Value Factory Model with and without CIP
TCS Connected Intelligence Platform’s architecture supports the Value Factory Model approach with end-to-end data management and analytic features and functionality to accelerate business value realization from big data. Enterprises that practice the Value Factory Model approach with a supporting architecture and ready-on-day-one capabilities like those available in CIP will more quickly start empowering business stakeholders and front-line systems with real-time analytic insights. Technology Partners that do the same gain a buy one, serve many systems to develop, deliver, and support branded analytic-driven apps and services for their clients.
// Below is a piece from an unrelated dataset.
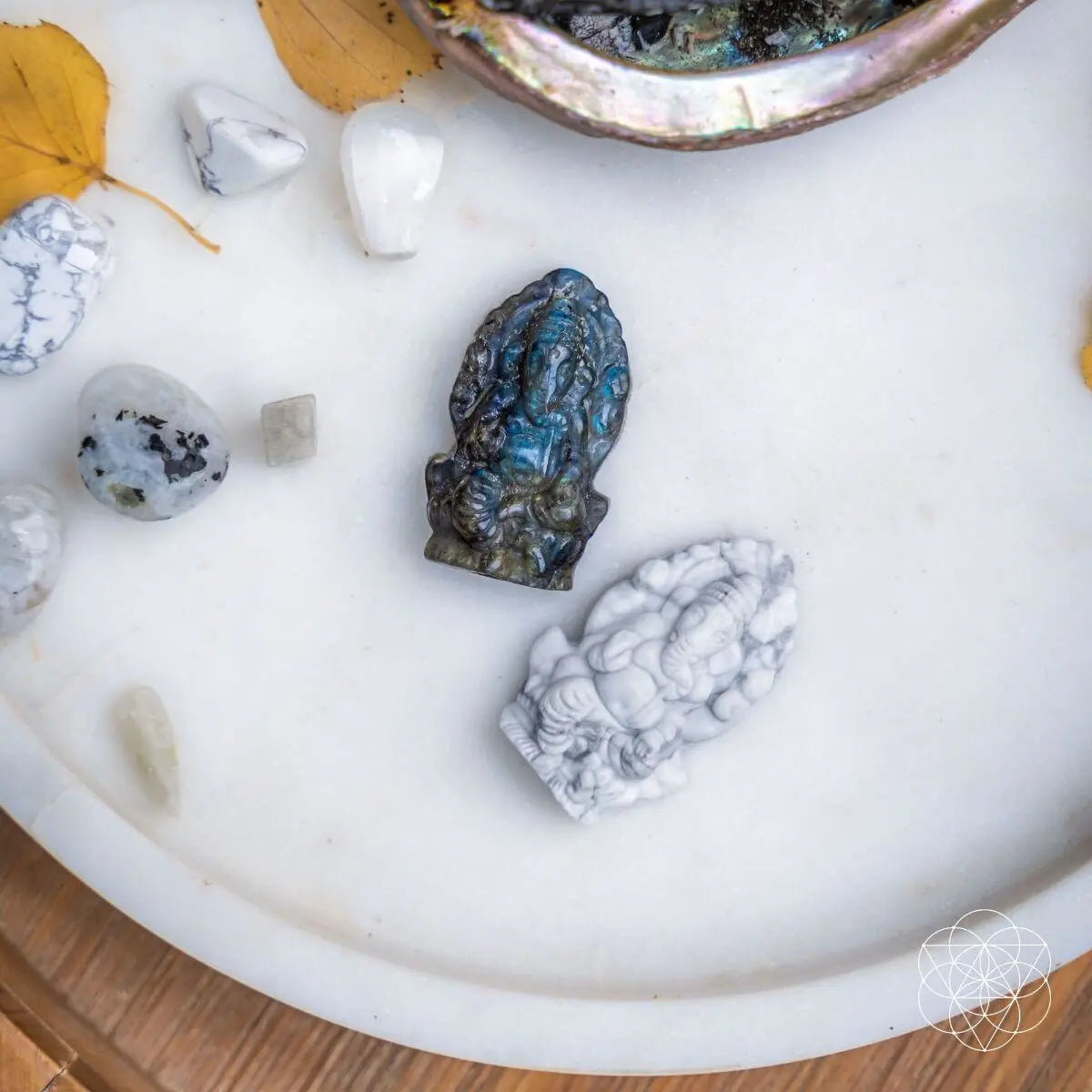 God of Luck: Crystal Ganesh Statue Conscious Items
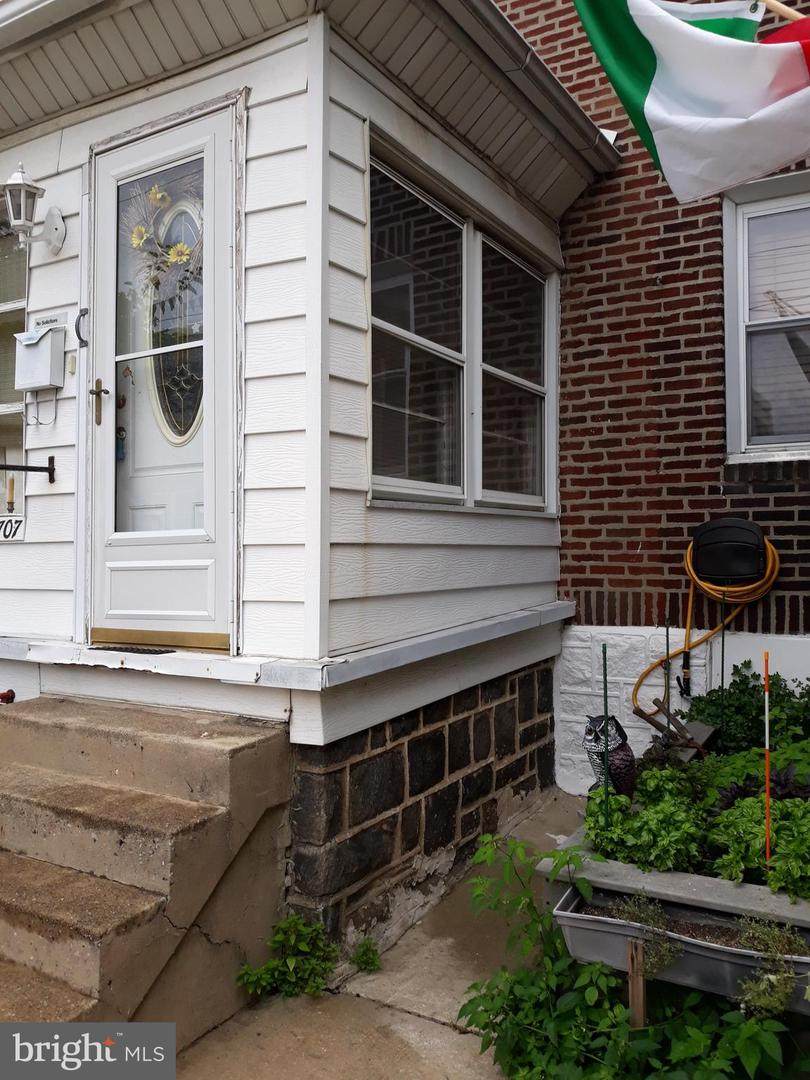 2707 Alder Street - Photo 1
The below table describes the implementation of an analytic use case using the Value Factory Model both with and without CIP.
Conclusions and Essential Guidance for Readers
Demand continues to rise for both batch and real-time data insights, AI, ML, and even deep learning. Analytics practitioners, from end-user businesses, as well as from Solution Provider organizations, require solutions to speed the time to value and meet demand. They must minimize complexity and the need for specialized skill sets. These solutions unify big data management, stream processing, and AI/ML engines to fulfill their needs for easily and repeatedly building end-to-end analytic use cases from all types of data.
The TCS Connected Intelligence Platform leverages the Value Factory Model to simplify and accelerate the implementation of analytics use cases. It provides an effective, flexible, and TCO-efficient way to accelerate the development and deployment of IoT, big data, and analytics initiatives with out-of-the-box pre-integrated, low-code, end-to-end capabilities. CIP can help bypass 12-24 month development cycles with a future-proof approach and platform which supports the continued development of new use cases. CIP aligns with the Value Factory Model to provide superior results, with less effort, in a shorter time, at a lower cost, and with reduced requirements for specialized skill sets.